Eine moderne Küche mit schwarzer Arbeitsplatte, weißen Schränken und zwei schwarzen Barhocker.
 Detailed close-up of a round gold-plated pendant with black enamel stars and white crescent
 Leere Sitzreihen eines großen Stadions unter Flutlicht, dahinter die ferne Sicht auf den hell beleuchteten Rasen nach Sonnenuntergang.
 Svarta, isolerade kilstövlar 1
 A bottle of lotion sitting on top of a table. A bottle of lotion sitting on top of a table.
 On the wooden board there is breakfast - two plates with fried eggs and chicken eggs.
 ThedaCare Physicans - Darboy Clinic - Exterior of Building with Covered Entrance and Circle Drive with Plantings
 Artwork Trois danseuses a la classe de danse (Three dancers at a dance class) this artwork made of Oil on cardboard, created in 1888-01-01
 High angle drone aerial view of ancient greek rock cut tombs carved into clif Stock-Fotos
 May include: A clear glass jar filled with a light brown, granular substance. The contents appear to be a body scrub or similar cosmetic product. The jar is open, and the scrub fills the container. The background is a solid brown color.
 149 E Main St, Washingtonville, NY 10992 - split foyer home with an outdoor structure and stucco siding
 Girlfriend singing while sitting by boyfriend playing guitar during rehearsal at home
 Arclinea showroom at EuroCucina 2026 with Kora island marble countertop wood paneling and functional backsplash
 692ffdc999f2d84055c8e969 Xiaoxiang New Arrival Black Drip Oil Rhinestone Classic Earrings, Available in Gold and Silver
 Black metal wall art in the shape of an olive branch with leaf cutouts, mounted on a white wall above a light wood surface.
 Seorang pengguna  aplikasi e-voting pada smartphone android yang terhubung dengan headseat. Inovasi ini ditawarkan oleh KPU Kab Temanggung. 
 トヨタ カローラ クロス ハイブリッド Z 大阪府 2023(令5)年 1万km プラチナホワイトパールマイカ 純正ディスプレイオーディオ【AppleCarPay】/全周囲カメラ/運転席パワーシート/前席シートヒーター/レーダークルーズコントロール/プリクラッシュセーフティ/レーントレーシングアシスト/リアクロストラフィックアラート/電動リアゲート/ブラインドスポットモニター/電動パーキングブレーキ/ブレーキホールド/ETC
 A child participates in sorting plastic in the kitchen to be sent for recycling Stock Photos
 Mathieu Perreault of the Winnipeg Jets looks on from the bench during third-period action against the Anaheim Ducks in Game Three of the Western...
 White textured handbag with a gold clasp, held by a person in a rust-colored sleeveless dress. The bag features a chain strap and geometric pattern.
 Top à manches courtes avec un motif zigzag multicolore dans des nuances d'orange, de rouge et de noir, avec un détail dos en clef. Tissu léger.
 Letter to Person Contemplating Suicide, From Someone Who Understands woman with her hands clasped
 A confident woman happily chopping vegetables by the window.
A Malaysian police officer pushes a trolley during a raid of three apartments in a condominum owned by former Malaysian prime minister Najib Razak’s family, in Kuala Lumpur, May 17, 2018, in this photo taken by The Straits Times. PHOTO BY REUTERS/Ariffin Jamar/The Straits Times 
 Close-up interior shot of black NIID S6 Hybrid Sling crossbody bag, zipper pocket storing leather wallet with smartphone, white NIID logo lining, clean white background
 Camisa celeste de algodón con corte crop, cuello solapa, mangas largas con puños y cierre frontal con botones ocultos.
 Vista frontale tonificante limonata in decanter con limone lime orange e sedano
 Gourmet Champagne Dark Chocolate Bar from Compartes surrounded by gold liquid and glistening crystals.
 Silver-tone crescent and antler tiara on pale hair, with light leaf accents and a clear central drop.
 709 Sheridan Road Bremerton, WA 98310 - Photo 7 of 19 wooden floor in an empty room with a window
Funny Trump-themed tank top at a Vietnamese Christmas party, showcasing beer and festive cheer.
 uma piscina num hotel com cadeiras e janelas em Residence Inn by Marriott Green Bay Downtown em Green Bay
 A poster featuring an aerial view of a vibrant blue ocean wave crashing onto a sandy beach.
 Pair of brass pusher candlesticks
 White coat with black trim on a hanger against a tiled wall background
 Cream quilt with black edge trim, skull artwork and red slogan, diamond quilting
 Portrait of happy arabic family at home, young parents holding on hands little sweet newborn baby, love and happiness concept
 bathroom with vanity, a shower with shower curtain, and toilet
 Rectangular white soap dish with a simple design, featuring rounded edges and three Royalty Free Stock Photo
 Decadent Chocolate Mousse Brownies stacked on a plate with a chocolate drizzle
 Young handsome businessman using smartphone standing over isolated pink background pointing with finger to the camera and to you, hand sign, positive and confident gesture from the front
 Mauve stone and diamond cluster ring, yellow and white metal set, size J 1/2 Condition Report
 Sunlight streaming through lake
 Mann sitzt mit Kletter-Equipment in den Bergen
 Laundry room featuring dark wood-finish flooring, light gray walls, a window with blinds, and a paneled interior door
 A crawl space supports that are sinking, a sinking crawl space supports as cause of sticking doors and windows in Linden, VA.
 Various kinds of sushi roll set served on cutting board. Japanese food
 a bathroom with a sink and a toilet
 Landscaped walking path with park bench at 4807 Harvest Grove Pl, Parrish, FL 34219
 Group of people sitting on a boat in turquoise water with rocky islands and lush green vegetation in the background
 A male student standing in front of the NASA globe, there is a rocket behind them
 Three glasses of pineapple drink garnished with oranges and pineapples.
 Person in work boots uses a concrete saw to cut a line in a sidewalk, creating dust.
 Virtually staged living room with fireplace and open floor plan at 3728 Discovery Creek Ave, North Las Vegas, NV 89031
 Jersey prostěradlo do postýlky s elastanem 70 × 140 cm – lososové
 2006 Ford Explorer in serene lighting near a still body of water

========================================================================

_WORK TO BE COMPLETED:_
Return, word for word, every line from the top of the entries down to the line that holds "692ffdc999f2d84055c8e969 Xiaoxiang New", both included.

_ANSWER BOX:_
Eine moderne Küche mit schwarzer Arbeitsplatte, weißen Schränken und zwei schwarzen Barhocker.
 Detailed close-up of a round gold-plated pendant with black enamel stars and white crescent
 Leere Sitzreihen eines großen Stadions unter Flutlicht, dahinter die ferne Sicht auf den hell beleuchteten Rasen nach Sonnenuntergang.
 Svarta, isolerade kilstövlar 1
 A bottle of lotion sitting on top of a table. A bottle of lotion sitting on top of a table.
 On the wooden board there is breakfast - two plates with fried eggs and chicken eggs.
 ThedaCare Physicans - Darboy Clinic - Exterior of Building with Covered Entrance and Circle Drive with Plantings
 Artwork Trois danseuses a la classe de danse (Three dancers at a dance class) this artwork made of Oil on cardboard, created in 1888-01-01
 High angle drone aerial view of ancient greek rock cut tombs carved into clif Stock-Fotos
 May include: A clear glass jar filled with a light brown, granular substance. The contents appear to be a body scrub or similar cosmetic product. The jar is open, and the scrub fills the container. The background is a solid brown color.
 149 E Main St, Washingtonville, NY 10992 - split foyer home with an outdoor structure and stucco siding
 Girlfriend singing while sitting by boyfriend playing guitar during rehearsal at home
 Arclinea showroom at EuroCucina 2026 with Kora island marble countertop wood paneling and functional backsplash
 692ffdc999f2d84055c8e969 Xiaoxiang New Arrival Black Drip Oil Rhinestone Classic Earrings, Available in Gold and Silver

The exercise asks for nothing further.